Proving that many people still have a strange relationship with colours and their relevance to being either a boy or a girl, a father recently returned a cake that was made by a local bakery for his son’ first birthday party because the cake was pink.
A cake. Not okay for his boy’s birthday party. Because it was pink.
Now, maybe this dad brought this cake back because his son truly does have a special aversion to the colour pink. That could be the case. There are some colours I abhor to even look at, so can’t imagine how terrifying they’d be to have in my mouth. Had my mom or dad presented me with a chartreuse coloured cake for any of my first seven birthdays, there’s a great chance I’d have stormed off to my room, only emerging again when a puce coloured cake had replaced it on the table. So, maybe that happened. And if it did, good job parents for making sure your child’s first birthday party remained trauma-free.
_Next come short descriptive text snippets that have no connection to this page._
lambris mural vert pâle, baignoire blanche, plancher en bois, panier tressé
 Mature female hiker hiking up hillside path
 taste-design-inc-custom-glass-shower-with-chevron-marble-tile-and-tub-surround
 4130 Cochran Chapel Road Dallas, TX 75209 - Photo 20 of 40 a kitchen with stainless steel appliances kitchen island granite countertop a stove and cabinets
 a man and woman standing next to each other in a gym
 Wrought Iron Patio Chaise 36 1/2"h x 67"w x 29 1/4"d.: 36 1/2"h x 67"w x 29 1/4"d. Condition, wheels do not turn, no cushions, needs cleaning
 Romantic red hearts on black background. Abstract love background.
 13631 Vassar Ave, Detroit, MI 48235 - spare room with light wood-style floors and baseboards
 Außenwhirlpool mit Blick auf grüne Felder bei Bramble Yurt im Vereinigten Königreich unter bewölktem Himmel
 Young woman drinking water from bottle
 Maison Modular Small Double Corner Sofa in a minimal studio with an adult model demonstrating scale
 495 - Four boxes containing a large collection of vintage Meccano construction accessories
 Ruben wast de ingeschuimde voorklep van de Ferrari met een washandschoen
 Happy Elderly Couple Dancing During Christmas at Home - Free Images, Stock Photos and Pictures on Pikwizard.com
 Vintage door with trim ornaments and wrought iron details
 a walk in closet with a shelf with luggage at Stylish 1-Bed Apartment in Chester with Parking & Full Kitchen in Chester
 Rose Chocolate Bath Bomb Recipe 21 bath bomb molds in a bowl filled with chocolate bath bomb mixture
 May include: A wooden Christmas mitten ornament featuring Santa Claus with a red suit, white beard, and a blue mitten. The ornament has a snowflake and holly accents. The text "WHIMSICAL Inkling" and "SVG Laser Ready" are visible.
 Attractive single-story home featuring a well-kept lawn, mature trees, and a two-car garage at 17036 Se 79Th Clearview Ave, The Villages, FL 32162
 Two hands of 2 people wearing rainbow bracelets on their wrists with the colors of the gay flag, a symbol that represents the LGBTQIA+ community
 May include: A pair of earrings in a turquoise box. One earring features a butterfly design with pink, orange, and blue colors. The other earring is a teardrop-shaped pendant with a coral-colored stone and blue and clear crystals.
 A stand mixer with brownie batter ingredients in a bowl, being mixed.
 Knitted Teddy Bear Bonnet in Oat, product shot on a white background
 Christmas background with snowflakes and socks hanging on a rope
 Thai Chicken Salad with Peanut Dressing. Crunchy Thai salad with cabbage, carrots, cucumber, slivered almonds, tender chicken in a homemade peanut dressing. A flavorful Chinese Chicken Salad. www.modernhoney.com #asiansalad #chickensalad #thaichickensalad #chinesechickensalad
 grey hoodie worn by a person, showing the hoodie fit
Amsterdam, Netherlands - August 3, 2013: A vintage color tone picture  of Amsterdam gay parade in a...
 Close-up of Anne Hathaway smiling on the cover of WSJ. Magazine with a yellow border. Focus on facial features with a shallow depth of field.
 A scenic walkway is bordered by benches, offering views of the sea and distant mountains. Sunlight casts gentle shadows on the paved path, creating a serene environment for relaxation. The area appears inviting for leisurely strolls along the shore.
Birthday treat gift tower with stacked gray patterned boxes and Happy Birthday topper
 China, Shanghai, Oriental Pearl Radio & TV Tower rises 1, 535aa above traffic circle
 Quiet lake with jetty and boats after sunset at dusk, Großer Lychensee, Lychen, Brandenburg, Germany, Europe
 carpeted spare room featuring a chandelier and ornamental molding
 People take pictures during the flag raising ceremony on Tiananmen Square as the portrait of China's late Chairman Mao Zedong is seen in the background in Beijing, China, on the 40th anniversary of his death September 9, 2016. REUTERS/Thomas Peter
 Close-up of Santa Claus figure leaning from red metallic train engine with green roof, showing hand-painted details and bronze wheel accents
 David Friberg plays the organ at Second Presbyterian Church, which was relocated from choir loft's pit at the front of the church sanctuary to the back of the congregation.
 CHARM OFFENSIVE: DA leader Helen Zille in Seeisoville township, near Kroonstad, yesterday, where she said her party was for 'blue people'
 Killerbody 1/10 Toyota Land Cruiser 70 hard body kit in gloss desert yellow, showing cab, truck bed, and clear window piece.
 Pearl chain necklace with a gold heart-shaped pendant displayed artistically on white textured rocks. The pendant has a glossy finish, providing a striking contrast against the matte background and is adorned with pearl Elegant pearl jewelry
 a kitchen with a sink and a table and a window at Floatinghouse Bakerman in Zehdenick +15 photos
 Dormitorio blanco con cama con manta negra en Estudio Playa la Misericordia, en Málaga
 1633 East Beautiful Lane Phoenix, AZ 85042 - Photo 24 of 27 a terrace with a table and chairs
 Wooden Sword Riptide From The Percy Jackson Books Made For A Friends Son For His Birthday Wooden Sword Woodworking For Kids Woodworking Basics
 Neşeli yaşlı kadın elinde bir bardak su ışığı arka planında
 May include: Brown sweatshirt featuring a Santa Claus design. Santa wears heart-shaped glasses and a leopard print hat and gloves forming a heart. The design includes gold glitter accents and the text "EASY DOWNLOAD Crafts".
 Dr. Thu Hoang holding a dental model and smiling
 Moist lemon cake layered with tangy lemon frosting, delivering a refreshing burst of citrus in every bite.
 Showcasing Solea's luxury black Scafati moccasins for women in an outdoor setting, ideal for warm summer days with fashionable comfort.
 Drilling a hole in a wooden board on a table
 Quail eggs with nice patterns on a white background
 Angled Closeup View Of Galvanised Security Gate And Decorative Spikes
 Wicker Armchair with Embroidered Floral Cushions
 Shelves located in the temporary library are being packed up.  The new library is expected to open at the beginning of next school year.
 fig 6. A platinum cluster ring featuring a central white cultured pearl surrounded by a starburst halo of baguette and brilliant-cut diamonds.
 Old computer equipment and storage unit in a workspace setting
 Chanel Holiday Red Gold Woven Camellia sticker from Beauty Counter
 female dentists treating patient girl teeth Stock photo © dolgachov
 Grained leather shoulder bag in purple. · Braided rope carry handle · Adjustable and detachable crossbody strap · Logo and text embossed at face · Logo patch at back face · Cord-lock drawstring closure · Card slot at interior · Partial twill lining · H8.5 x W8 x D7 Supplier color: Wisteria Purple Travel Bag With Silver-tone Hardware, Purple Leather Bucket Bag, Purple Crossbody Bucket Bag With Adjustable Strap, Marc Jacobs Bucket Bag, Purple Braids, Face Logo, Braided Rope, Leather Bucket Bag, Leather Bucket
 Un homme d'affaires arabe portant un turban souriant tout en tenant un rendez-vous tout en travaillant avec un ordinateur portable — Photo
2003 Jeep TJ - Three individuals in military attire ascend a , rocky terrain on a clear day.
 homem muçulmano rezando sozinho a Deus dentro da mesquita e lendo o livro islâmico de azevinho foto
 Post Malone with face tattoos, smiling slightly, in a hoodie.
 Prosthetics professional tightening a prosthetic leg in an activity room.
I’m often quite capable of getting past the convictions of one individual, but if you look at the little poll below the story, it suggests that nearly half of the thousands of people reading and interacting with this story would also return a cake made for their son because it was pink.
And that is astounding.
One child hating pink I can believe and understand. Thousands of parents of boys suggesting they’d have returned the cake because it was pink and because it was for a boy is thoroughly disturbing.
Here are a few more logical reasons to refuse a pink cake than simply because it was intended for a boy:
The cake is pink, but more importantly, made of nails.
The cake is pink, which is interesting, but the cake has also been placed out on the CN Tower’s EdgeWalk, and to get it the young boy needs to crawl out to get it without a properly fitted harness.
The pink cake is actually a black and blue dress. I mean, cake. It’s all just an optical illusion.
Duh, it isn’t his birthday, and kids shouldn’t think they’ll get a pink cake every day just because! That would spoil them.
And here’s a really quick look at some of the things I think could be more damaging to the moral development of a young boy than giving him a pink cake:
Telling your boy that pink isn’t for boys.
Pretty much everything else that follows a 1970s cigarette ad’s definition of what it means to be masculine.
You cannot make any other case for returning a pink cake than the ongoing concoction of a false, antiquated definition of what it means to be a boy and how a boy grows up to be a man. And saying your one year old can’t handle a pink (but delicious) blueberry cake is suggesting you’re going all in on the “boys will be boys” mindset that does nothing to help a boy along the long and often bumpy path that is growing up.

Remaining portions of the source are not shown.